**Entries shown:**
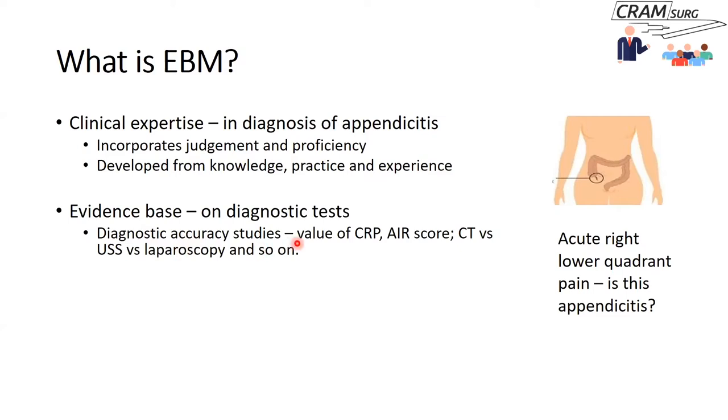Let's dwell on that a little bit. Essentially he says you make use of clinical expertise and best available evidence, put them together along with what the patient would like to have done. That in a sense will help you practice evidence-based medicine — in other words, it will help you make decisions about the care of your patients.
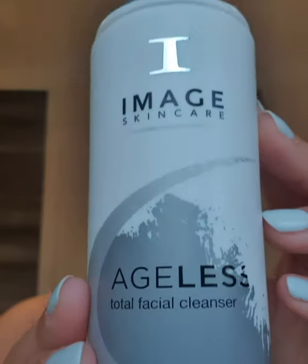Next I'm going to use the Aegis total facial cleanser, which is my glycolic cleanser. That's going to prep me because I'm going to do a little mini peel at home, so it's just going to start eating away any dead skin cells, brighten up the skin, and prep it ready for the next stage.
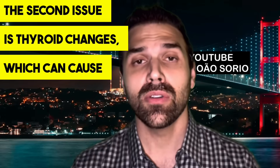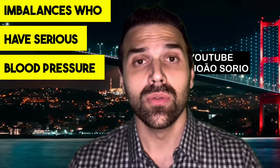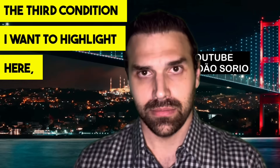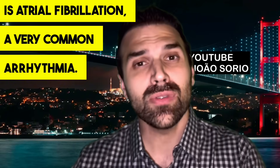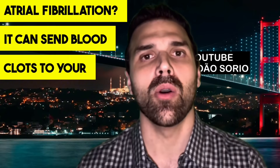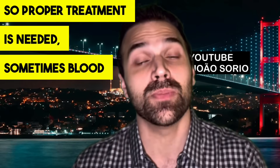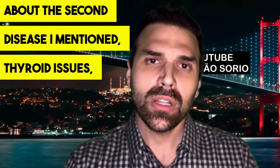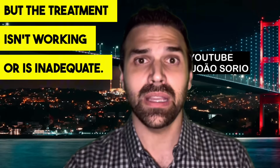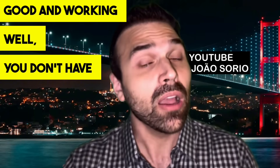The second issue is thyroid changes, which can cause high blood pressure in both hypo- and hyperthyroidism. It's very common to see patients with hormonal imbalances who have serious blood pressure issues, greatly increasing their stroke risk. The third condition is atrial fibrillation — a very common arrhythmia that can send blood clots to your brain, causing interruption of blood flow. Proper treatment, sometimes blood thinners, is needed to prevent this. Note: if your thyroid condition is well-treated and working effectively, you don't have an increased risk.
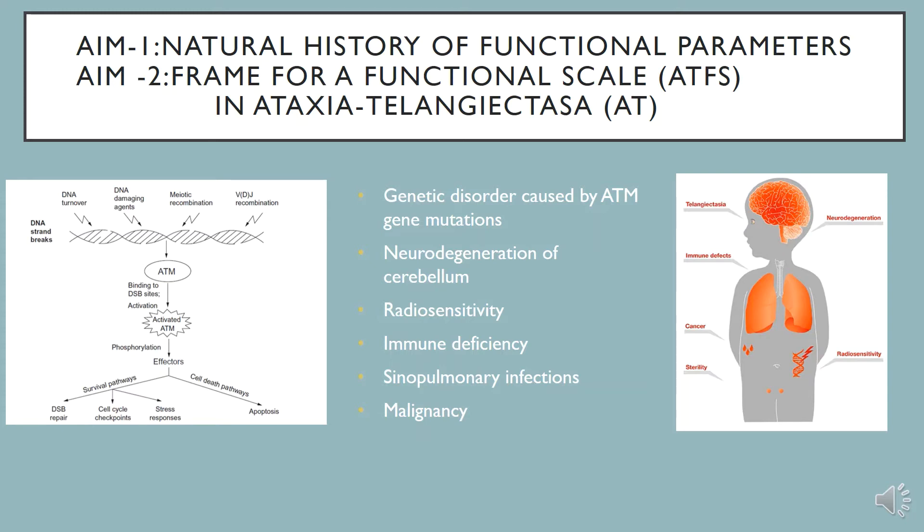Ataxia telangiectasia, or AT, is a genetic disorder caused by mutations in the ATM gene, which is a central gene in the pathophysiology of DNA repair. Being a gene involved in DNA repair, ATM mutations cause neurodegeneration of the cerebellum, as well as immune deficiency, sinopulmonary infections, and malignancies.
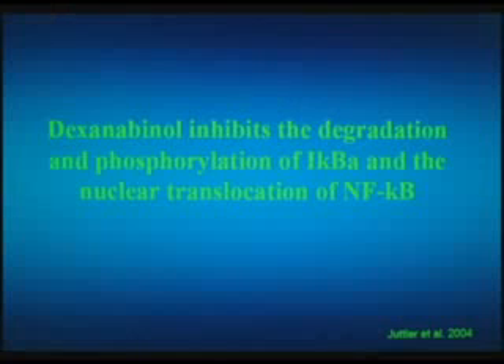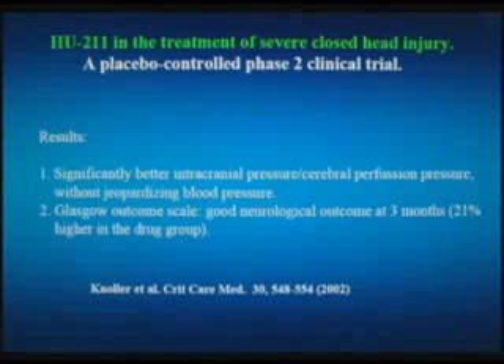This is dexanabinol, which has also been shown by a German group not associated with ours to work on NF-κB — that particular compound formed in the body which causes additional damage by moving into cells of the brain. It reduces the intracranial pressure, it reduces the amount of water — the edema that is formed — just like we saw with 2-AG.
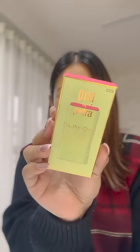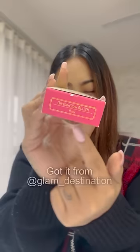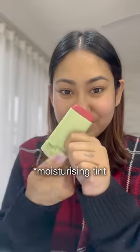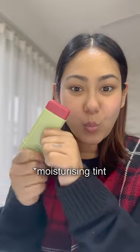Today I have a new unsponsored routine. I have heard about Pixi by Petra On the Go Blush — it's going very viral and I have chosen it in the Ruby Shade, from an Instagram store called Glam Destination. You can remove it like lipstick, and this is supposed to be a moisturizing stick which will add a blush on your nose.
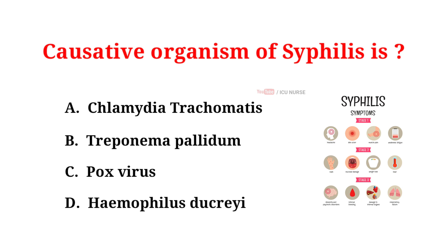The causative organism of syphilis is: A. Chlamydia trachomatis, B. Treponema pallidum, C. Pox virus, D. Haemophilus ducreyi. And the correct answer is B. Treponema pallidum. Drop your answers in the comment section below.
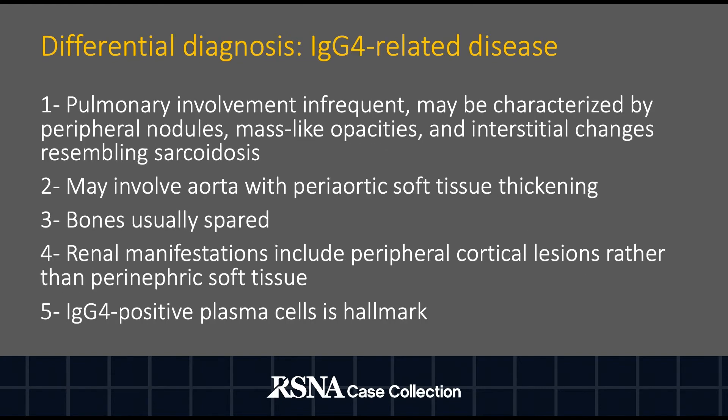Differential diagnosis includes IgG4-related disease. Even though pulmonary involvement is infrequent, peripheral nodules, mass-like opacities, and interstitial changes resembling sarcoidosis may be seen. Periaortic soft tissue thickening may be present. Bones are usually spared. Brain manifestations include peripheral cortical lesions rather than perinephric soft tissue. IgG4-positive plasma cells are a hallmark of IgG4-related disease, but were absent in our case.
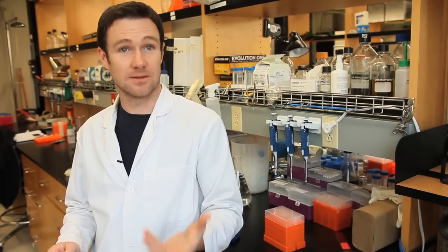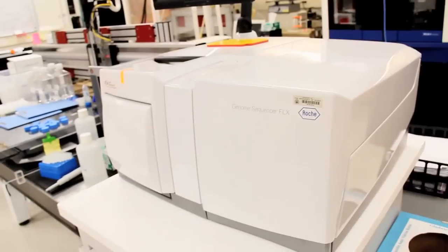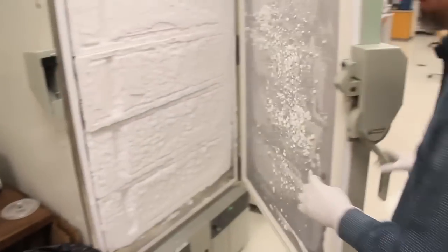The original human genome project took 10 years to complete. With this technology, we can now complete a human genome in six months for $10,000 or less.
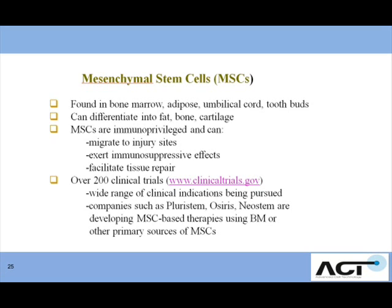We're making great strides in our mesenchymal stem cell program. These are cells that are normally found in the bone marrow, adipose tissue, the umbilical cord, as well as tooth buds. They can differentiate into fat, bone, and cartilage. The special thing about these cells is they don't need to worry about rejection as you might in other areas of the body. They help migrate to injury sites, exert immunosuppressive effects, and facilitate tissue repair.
...
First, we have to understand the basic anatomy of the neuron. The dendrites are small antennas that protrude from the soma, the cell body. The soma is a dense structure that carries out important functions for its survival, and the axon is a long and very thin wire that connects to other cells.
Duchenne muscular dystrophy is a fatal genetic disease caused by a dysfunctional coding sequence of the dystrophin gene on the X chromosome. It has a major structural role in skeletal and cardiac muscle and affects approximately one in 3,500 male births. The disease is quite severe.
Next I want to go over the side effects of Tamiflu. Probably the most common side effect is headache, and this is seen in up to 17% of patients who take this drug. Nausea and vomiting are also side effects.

**Required action:**
Exactly as written above, retype the lines starting at the one holding "The original human" and ending at the one holding "We're making great", both included, but not the pictures.

**Response:**
The original human genome project took 10 years to complete. With this technology, we can now complete a human genome in six months for $10,000 or less.
We're making great strides in our mesenchymal stem cell program. These are cells that are normally found in the bone marrow, adipose tissue, the umbilical cord, as well as tooth buds. They can differentiate into fat, bone, and cartilage. The special thing about these cells is they don't need to worry about rejection as you might in other areas of the body. They help migrate to injury sites, exert immunosuppressive effects, and facilitate tissue repair.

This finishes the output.